Records shown:
=-=-=-=-=

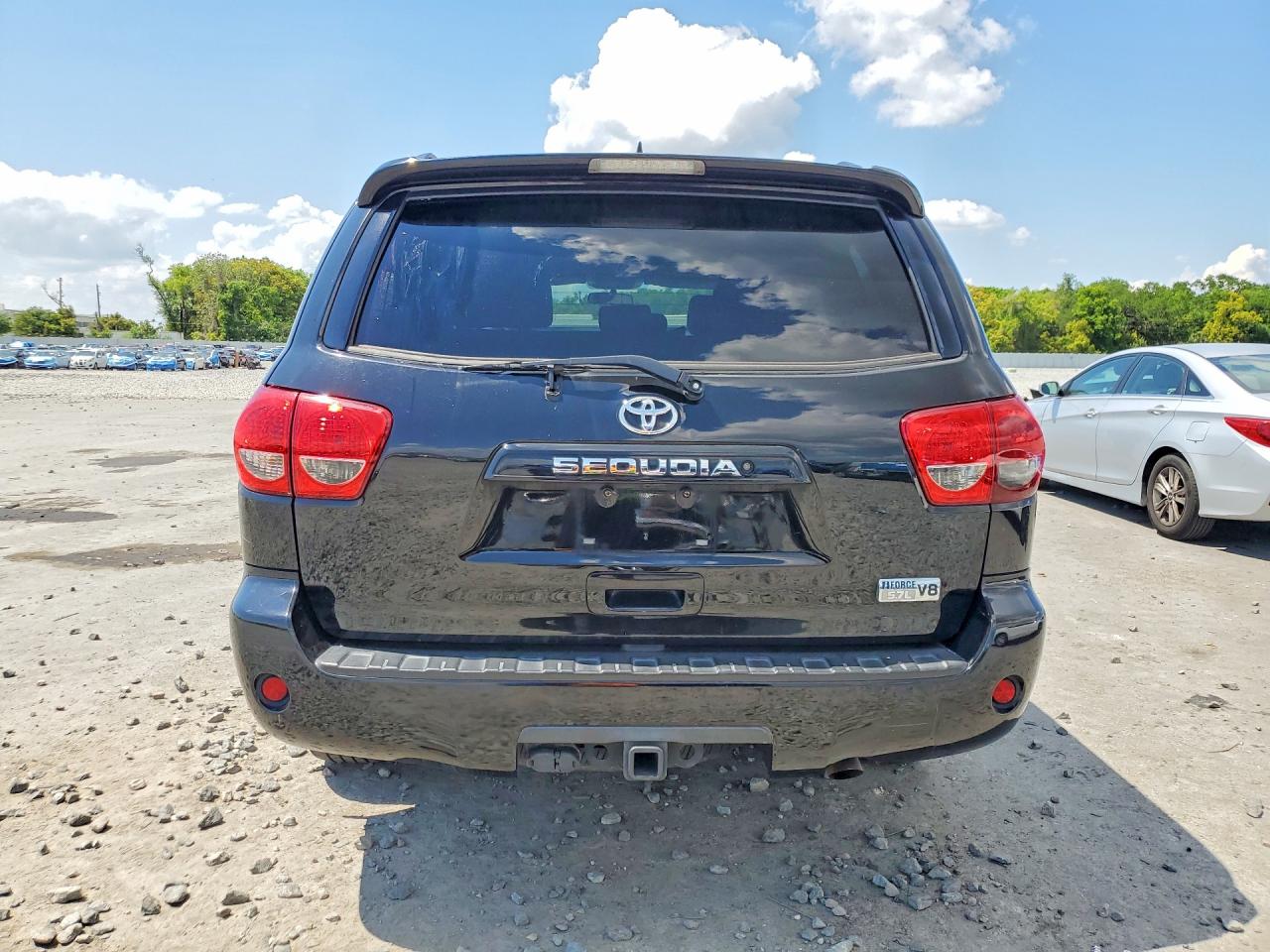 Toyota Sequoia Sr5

=-=-=-=-=

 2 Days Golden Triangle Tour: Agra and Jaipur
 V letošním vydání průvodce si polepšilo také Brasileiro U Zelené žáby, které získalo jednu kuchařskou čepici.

=-=-=-=-=

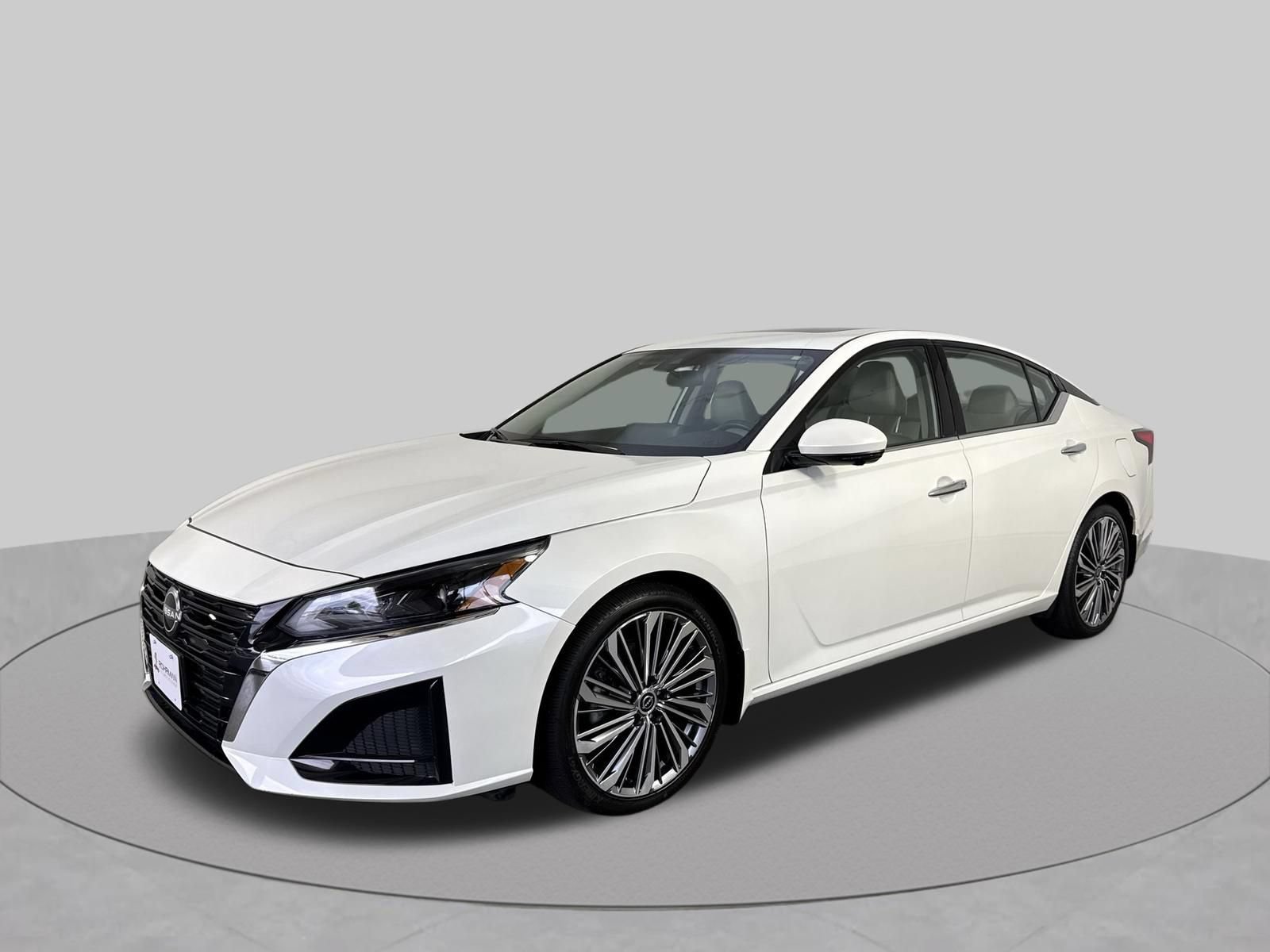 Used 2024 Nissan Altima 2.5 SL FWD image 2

=-=-=-=-=

Exercise brief:
Retype the entries above exactly, but only from the line containing "2 Days Golden Triangle Tour: Agra and Jaipur" through the line containing "V letošním vydání", both included.

Reply to the task:
 2 Days Golden Triangle Tour: Agra and Jaipur
 V letošním vydání průvodce si polepšilo také Brasileiro U Zelené žáby, které získalo jednu kuchařskou čepici.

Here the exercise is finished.